Wealthy open to wooing from rival banks

By Becky Yerak
Posted Nov. 16, 2010 at 12:47 p.m.

Just because people are affluent doesn’t mean they’re impressed with their financial institution.

In its seventh annual survey of affluent investors who do business with various banks and financial firms, PNC found that most wealthy investors are receptive to pitches from other service providers.

Asked to assign a letter grade to their financial institution, 44 percent gave a “C”, saying they “didn’t make much of a difference one way or another.”

Meanwhile, 31 percent responded with a “B”, saying “they helped some but could have done more.”

Only one in 10 feel their financial institution’s actions were personally harmful in some respect and rate it either a “D” or an “F”.

Just 15 percent said their advisors “really made a huge positive difference,” or an “A”, according to the nationwide survey of 1,097 affluent individuals, all of whom have at least $500,000 in investible assets.

“This should serve as a wake-up call in the financial advisory business,” said Thomas Melcher, managing director of Hawthorn, the division of PNC Wealth Management that serves clients with $20 million or more in investable assets.

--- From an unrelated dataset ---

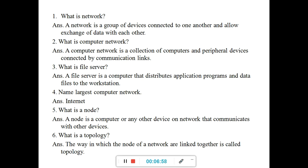What is a workstation? The computer that you are working on — if your computer is connected to a network, then your computer is a workstation. The file server is a computer server which shares data and other application programs with all the other workstations. Name the largest computer network — internet. What is a node? A node is a computer or any other device on a network that communicates with other devices. What is a topology? The way in which the nodes of a network are linked together is called topology.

“These results clearly tell us that most wealthy investors are willing to listen to a provider who has a better story and that managing wealth is more than managing their investments.”

Also, the impact of stock market volatility remains palpable, with 48 percent of affluent investors still fearful, though the survey was done before the election.

The survey by the Chicago market’s fourth-biggest bank was conducted online within the United States in September and October 2010.

Findings have a margin of error of plus or minus 3 percentage points.